Regex - Count number of uppercase letters in word-CodePudding

I would like to find all words in a text that have more than one uppercase letter. So far, I am checking only if the last character is uppercase

\b.*[A-Z]\b

but it would be more precise if I had the condition that the last letter or in total two characters in the word are uppercase.

CodePudding user response：

You can use

re.findall(r'\b(?:[a-z]*[A-Z]){2}[a-zA-Z]*\b', text)
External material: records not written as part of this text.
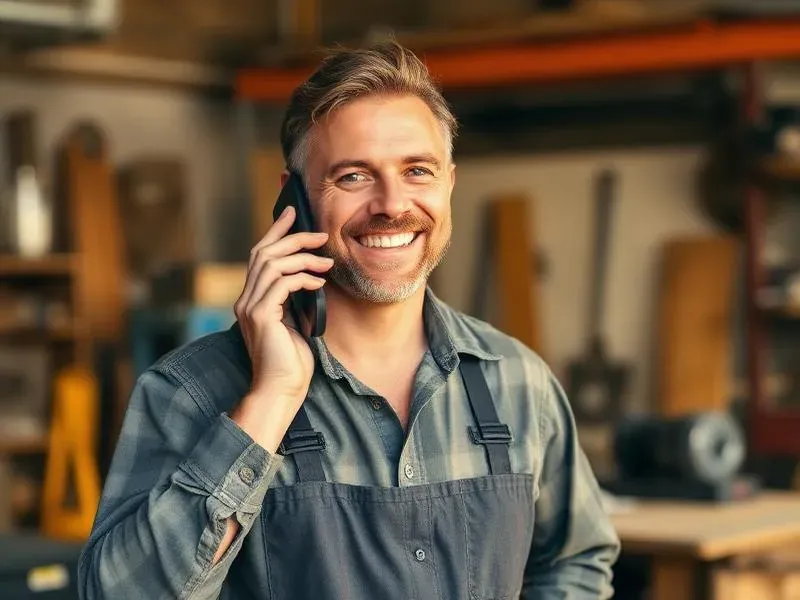Friendly tradesman smiling while talking on the phone in his workshop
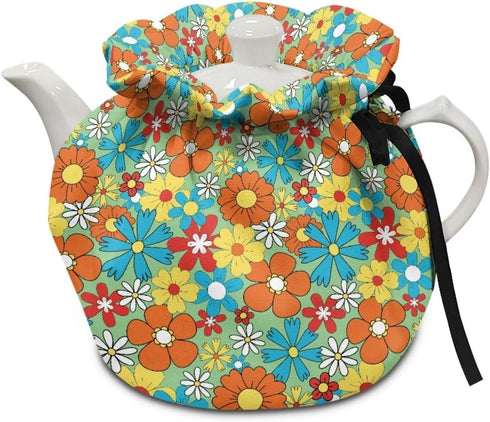 Hippie Flower Tea Cozy for Teapot, Heat Resistant Kettle Dust Cover, Breakfast Warmer Keep Warm Fit for Most Standard Size Teapots...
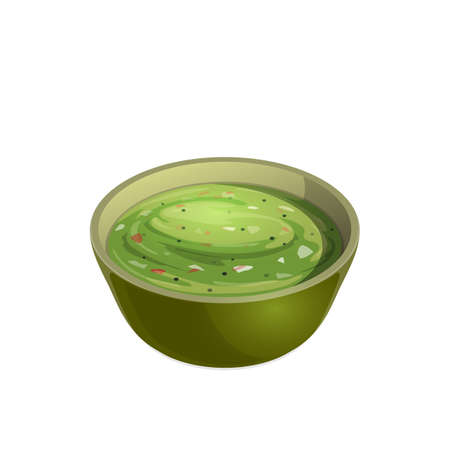 Avocado guacamole sauce isolated salsa in bowl realistic mexican food icon. Vector traditional spanish sauce, bowl with japanese wasabi, spicy food. Smashed avocado with chilli pepperのイラスト素材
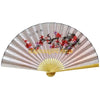 A large decorative Chinese theme wall fan with pleated silk and floral designs.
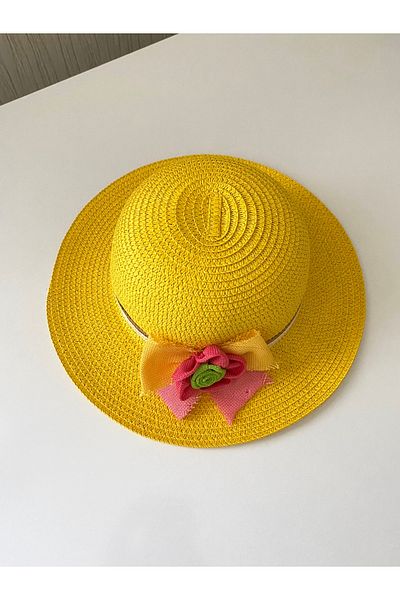 Petek Collection Straw Children's Beach Hat with Flower Accessories (3-9 Years)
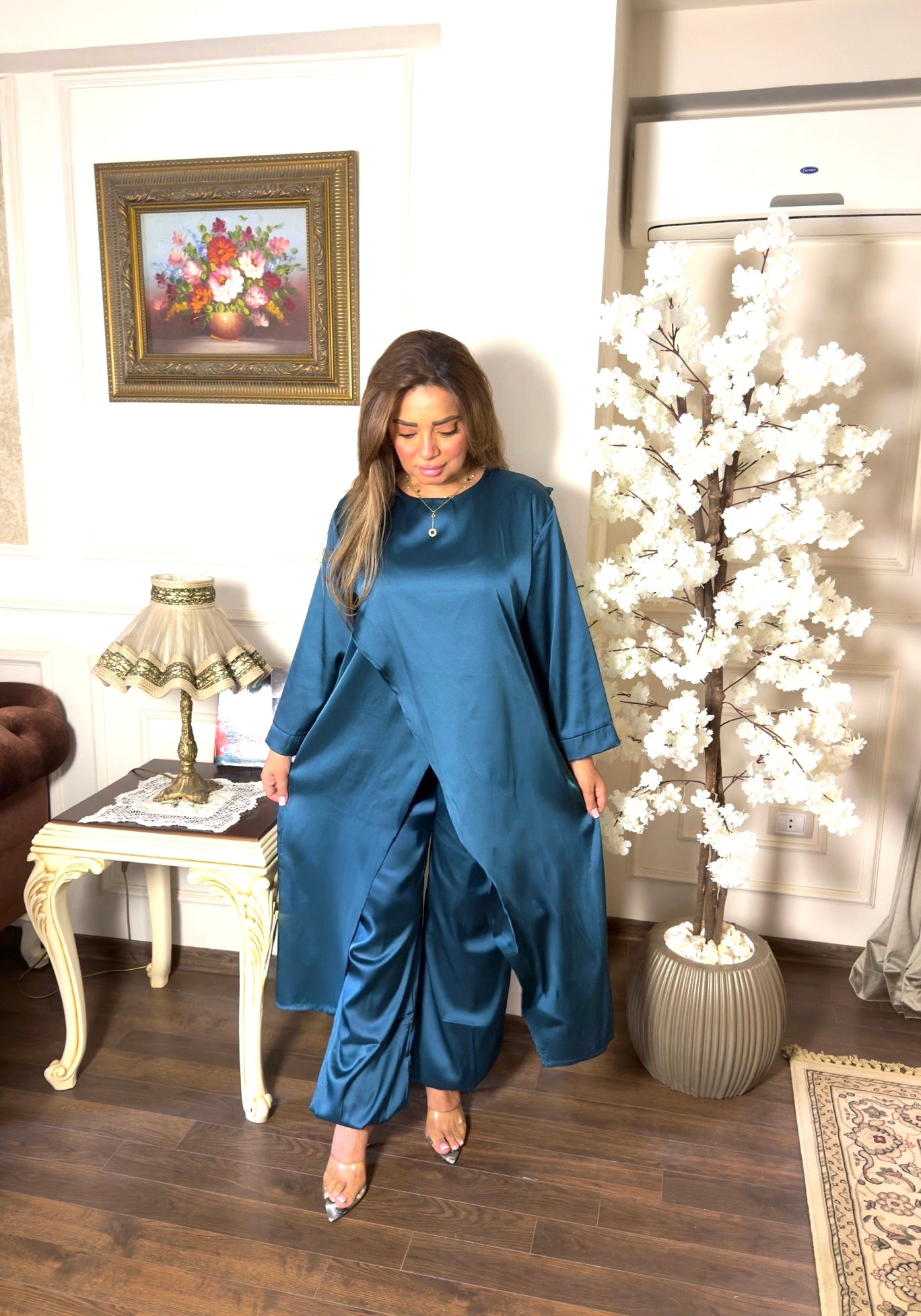 Long Loose Tunic Satin Set Flowing Silhouette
See the regex demo. Details:

\b - a word boundary
(?:[a-z]*[A-Z]){2} - two sequences of zero or more lowercase letters followed with an uppercase letter
[a-zA-Z]* - zero or more ASCII letters
\b - a word boundary

See the Python demo:

import re
text = "A VeRy LoNG SenTence Here"
print(re.findall(r'\b(?:[a-z]*[A-Z]){2}[a-zA-Z]*\b', text))
# => ['VeRy', 'LoNG', 'SenTence']

A fully Unicode-aware regex is possible with the PyPi regex library (install in your terminal/console with pip install regex):

import regex
text = "Да, ЭтО ОченЬ ДЛинное предложение."
print(regex.findall(r'\b(?:\p{Ll}*\p{Lu}){2}\p{L}*\b', text))
# => ['ЭтО', 'ОченЬ', 'ДЛинное']

See this Python demo.

CodePudding user response：

\b(\w*[A-Z]\w*[A-Z]\w*|.*[A-Z])\b

explanation: this will match either, any word with upper case at the end (your regex has been reused here) - OR - a string of zero or more word chars (\w), followed by a single uppercase, followed by a string of zero or more word chars (\w), followed by a single uppercase and finally another zero or more word chars. The \w is shorthand for [A-Za-z0-9_]